● EXERCISE GOAL
Once you reach the line with "The dark convoys : sea poems", copy it and every line after it exactly, up to the end of the data. Omit the pictures.

++++ DATA SHOWN

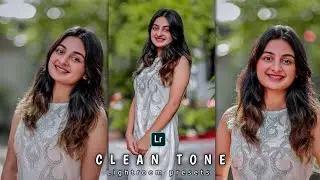 Clean tone Lightroom presets!! Lightroom presets download free!! Lightroom photo editing..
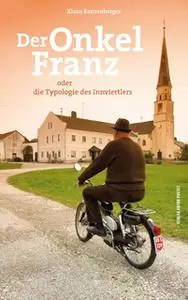 «Der Onkel Franz: oder die Typologie des Innviertlers» by Klaus Ranzenberger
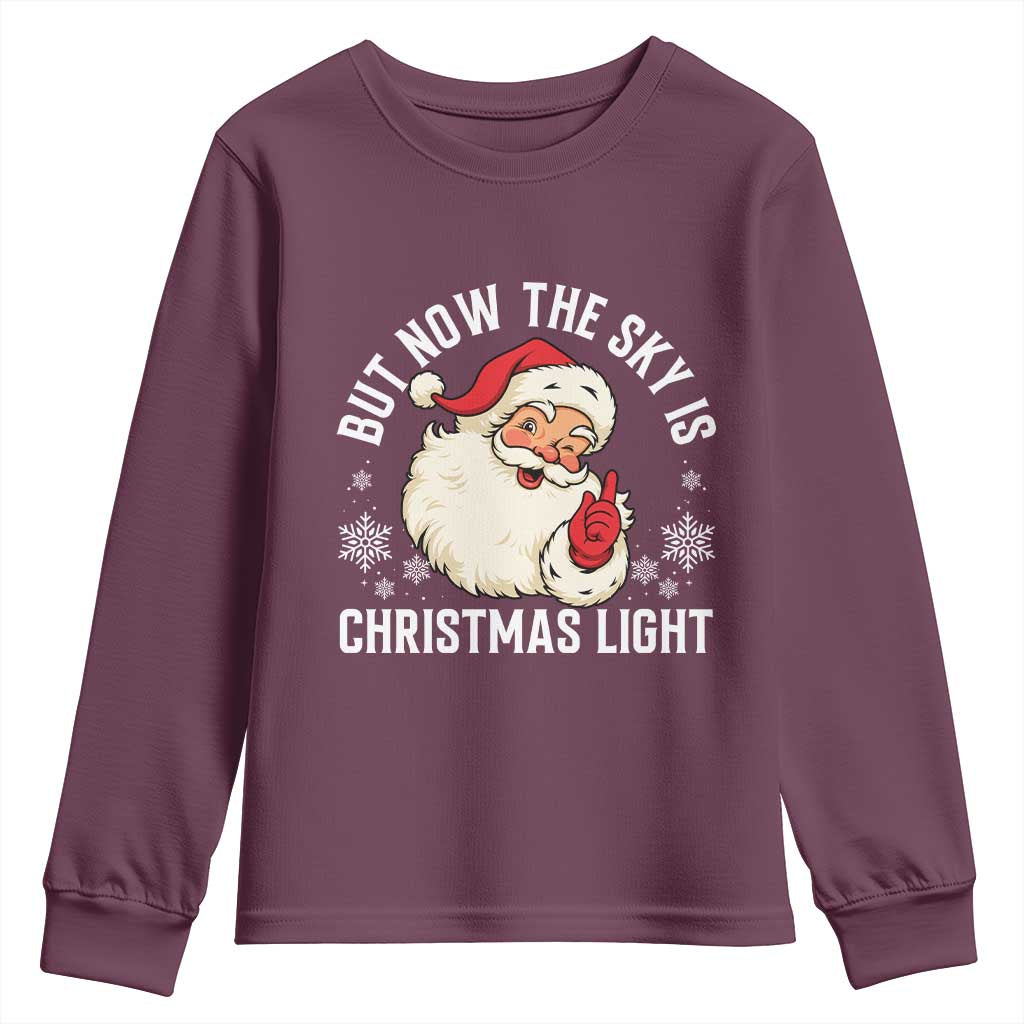 Santa Opalite Christmas Youth Sweatshirt But Now The Sky Is Xmas Light TS14 Maroon Print Your Wear
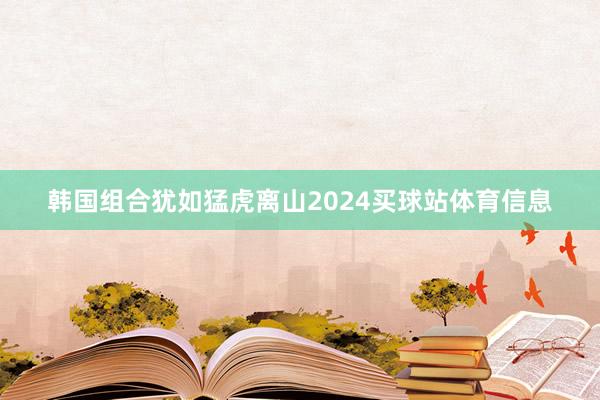 韩国组合犹如猛虎离山2024买球站体育信息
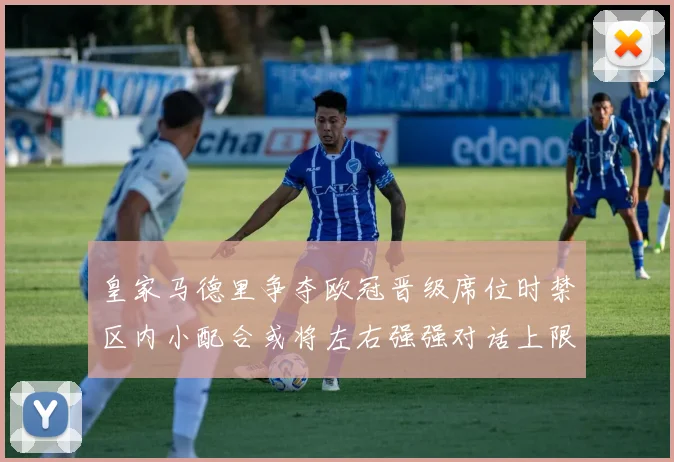 皇家马德里争夺欧冠晋级席位时禁区内小配合或将左右强强对话上限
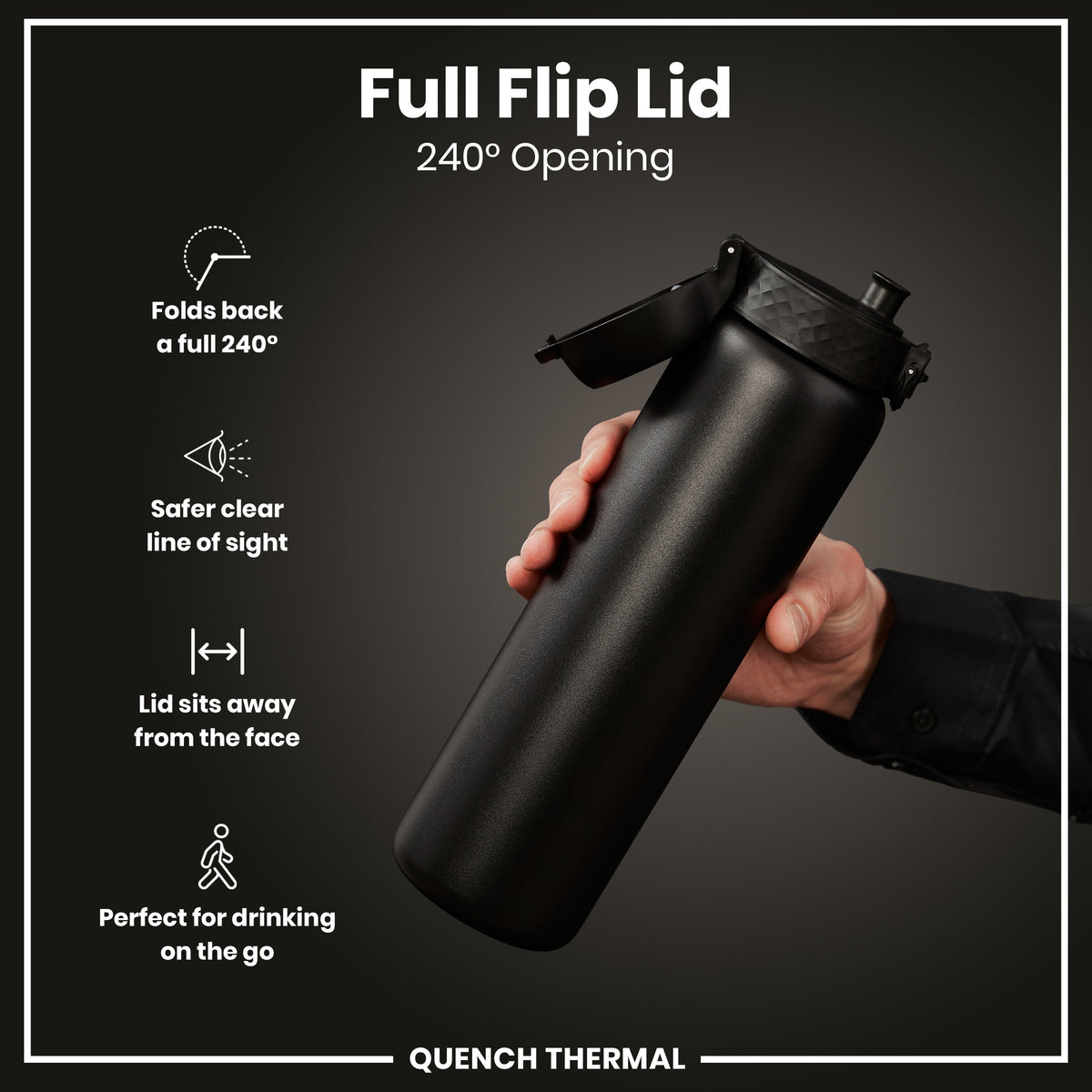 A black water bottle with a flip lid is being held; the lid is open to 240 degrees, showing its features. The bottle is displayed against a dark background. Full Flip Lid 240° Opening. QUENCH THERMAL.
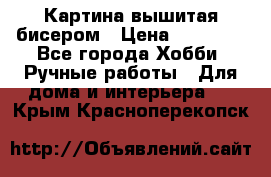 Картина вышитая бисером › Цена ­ 30 000 - Все города Хобби. Ручные работы » Для дома и интерьера   . Крым,Красноперекопск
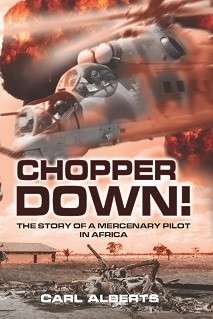 Chopper Down! The Story of a Mercenary Pilot in Africa (Special Order ONLY 2-4 Days) - Alberts, Carl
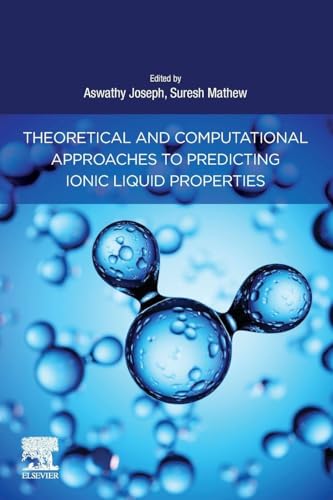 Theoretical and Computational Approaches to Predicting Ionic Liquid Properties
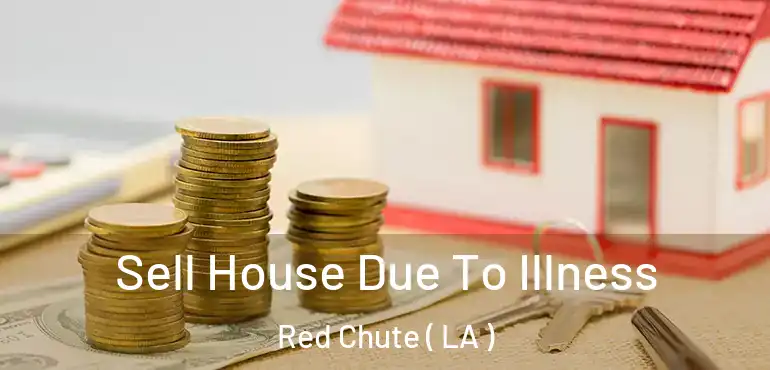  Sell House Due To Illness Red Chute ( LA )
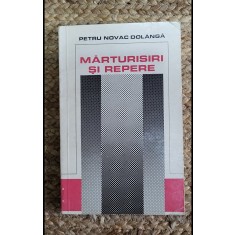 MARTURISIRI SI REPERE - PETRU NOVAC DOLANGA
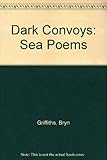 The dark convoys : sea poems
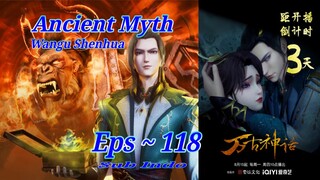 Eps 118 | Ancient Myth [Wangu Shenhua] Sub Indo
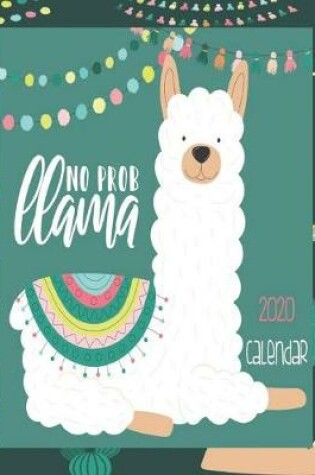 Cover of No Prob Llama 2020 Calendar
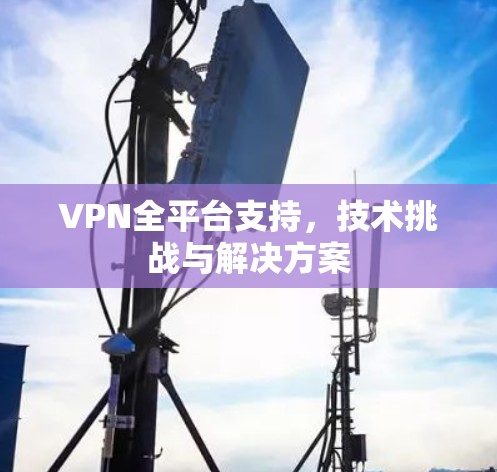 VPN全平台支持，技术挑战与解决方案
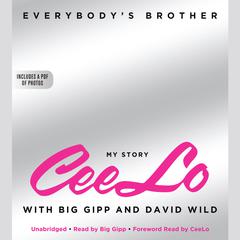 Everybodys Brother: My Story: CeeLo, with Big Gipp and David Wild Audiobook, by CeeLo Green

++++++++

● COMPLETED EXERCISE
 The dark convoys : sea poems
 Eps 118 | Ancient Myth [Wangu Shenhua] Sub Indo
 Cover of No Prob Llama 2020 Calendar
 VPN全平台支持，技术挑战与解决方案
 Everybodys Brother: My Story: CeeLo, with Big Gipp and David Wild Audiobook, by CeeLo Green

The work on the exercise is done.